** Required action **
Transcribe every line of the material below exactly, leaving out the pictures.

** Stored data **
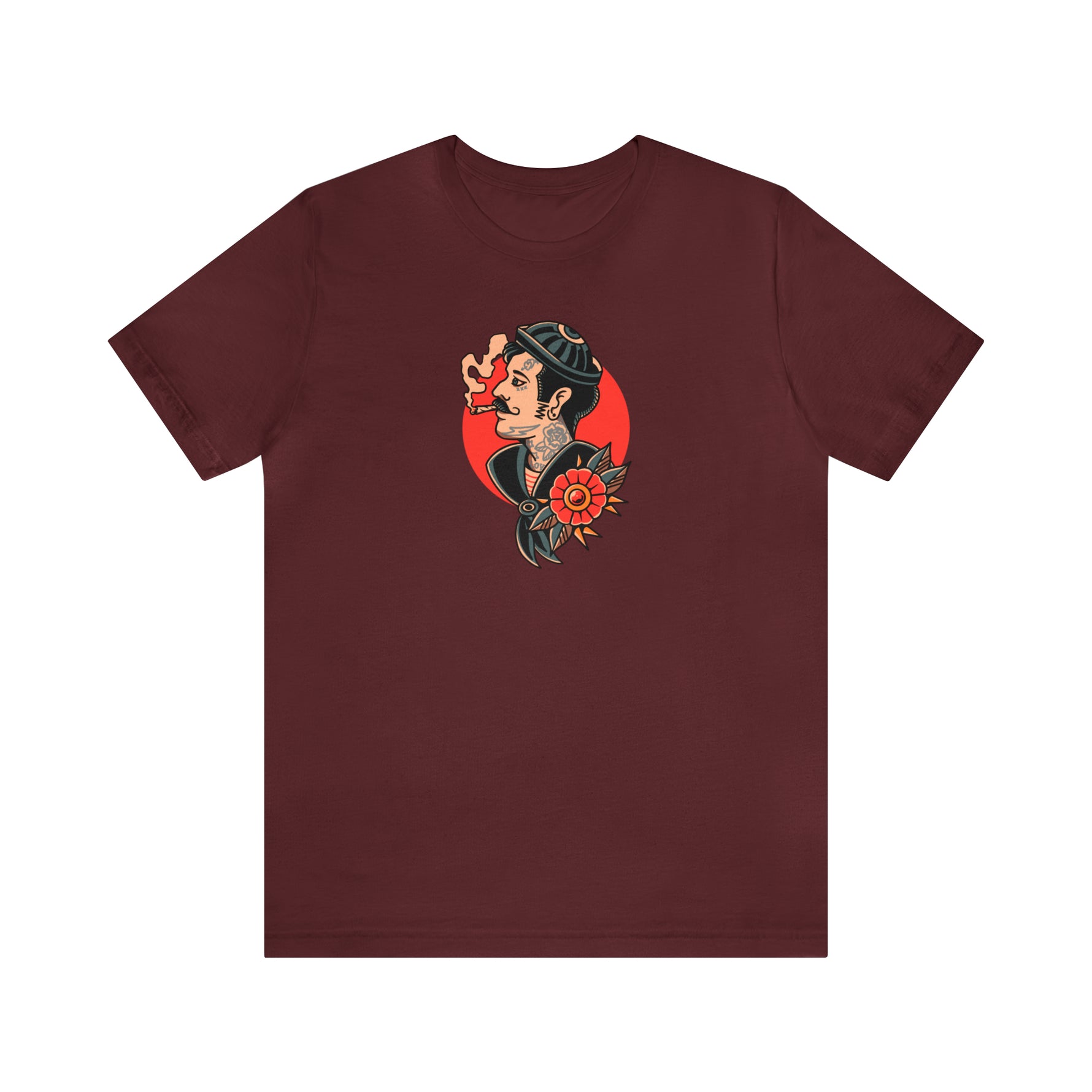 Tatted Sailor - Wicked Naughty Apparel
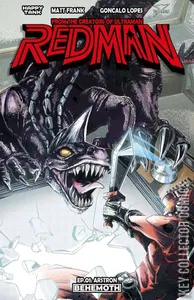 Redman #1
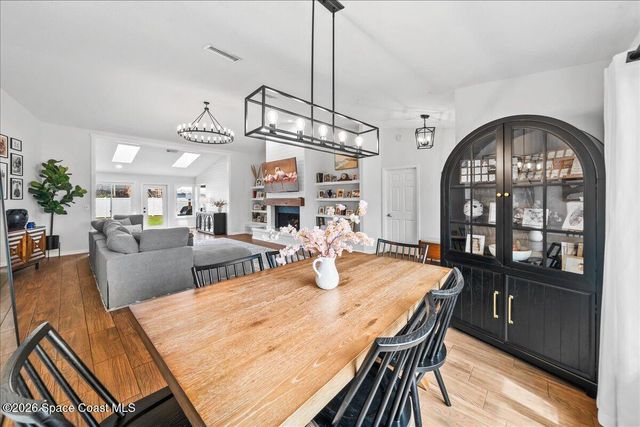 1272 Silver Lake Drive, Melbourne, FL 32940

** Finished exercise **
 Tatted Sailor - Wicked Naughty Apparel
 Redman #1
 1272 Silver Lake Drive, Melbourne, FL 32940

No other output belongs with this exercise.